Warum die neue Mode nicht besser in die Coronazeit passen könnte
Man könnte fast meinen, die Designer haben geahnt, dass sich unser aller Lebensmittelpunkt dieses Frühjahr in die eigenen vier Wände verlagern würde. Vor vielen Monaten, als die aktuellen Kollektionen gerade erst gedanklich im Entstehen waren, war es ausgerechnet das Biedermeier, für das sich die internationalen Modehäuser als eine der wichtigsten Inspirationsquellen entschieden. Es ist die private Atmosphäre des eigenen Zuhauses, die sich in den neuen Kleidern widerspiegelt.
Statt mit tiefen Ausschnitten kommen Kleider jetzt mit hohen Krägen und ausgestellten Röcken daher. Lange Ärmel oder weich fallende Cardigans bedecken die Arme. Das Konservative reizte die Modemacher, deren Neu-Interpretation ist jedoch keineswegs eine langweilige.

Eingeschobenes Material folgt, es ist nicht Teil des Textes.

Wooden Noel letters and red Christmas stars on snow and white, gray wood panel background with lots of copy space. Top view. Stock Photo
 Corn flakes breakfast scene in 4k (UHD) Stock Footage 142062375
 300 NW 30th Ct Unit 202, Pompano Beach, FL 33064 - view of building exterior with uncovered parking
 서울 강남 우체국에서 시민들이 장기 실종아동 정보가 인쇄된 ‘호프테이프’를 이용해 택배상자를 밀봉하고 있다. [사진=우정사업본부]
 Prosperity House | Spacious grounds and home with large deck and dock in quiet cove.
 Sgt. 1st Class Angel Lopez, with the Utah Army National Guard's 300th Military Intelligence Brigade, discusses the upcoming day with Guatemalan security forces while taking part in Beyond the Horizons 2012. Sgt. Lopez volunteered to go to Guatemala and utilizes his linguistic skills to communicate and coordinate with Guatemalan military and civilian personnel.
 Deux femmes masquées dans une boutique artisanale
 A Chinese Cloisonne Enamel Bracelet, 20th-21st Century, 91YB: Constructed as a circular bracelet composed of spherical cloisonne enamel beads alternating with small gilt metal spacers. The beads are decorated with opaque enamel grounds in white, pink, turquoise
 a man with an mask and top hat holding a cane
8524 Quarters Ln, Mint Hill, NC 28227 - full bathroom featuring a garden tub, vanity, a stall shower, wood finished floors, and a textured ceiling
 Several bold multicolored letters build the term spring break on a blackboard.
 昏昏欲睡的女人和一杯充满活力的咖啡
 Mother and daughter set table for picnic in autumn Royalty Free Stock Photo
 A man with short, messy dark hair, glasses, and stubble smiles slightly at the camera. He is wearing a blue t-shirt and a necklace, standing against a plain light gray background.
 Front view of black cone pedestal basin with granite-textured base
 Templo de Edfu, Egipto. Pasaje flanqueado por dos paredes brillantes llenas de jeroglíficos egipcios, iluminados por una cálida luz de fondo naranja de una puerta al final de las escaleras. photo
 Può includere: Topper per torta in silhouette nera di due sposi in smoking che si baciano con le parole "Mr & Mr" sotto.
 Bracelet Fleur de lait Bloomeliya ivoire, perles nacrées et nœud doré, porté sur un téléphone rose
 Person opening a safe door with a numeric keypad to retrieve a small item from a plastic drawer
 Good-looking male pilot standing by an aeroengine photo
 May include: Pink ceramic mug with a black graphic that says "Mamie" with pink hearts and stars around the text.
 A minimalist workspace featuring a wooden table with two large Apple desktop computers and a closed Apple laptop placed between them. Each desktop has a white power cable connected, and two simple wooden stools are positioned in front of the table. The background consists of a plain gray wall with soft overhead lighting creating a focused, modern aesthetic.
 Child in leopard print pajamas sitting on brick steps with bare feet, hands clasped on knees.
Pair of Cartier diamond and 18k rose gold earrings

Feinste Spitze, gekreppte Seide sowie Rüschen und das eine oder andere Cut-out sorgen für das gewisse Etwas. Akzente werden mit Schmuck und Accessoires gesetzt: Kunstvolle Broschen zieren Oberteile, an den Ohren hängen Perlen und die Haare werden mit Schleifen aus dünnem Seidenband zusammengebunden.
Modischer Neuanfang
Unter der Leitung von Tina Konsel entstand diese Modestrecke kurz vor dem Lockdown. Mit dem Shooting wollte die Wienerin den Rückzug ins eigene Heim darstellen, ohne zu diesem Zeitpunkt ahnen zu können, welchen Stellenwert dieser kurze Zeit später einnehmen würde. Jetzt, da ein kleiner Schritt zurück in die Normalität geschafft ist, symbolisieren die Aufnahmen vor allem eines: Hoffnung.
Denn es sind nicht die knalligen Farben, die die stärkste Aussagekraft in der Modewelt haben. Sondern der weiße Stoff, den die Designer heuer zu ihren Stücken im Neo-Biedermeier-Stil verarbeiteten. Weiß steht seit jeher für den Anfang, das Neue und das Gute. Im Gegensatz zu Schwarz, der völligen Abwesenheit von Farbe, ist Weiß die Summe aller Farben.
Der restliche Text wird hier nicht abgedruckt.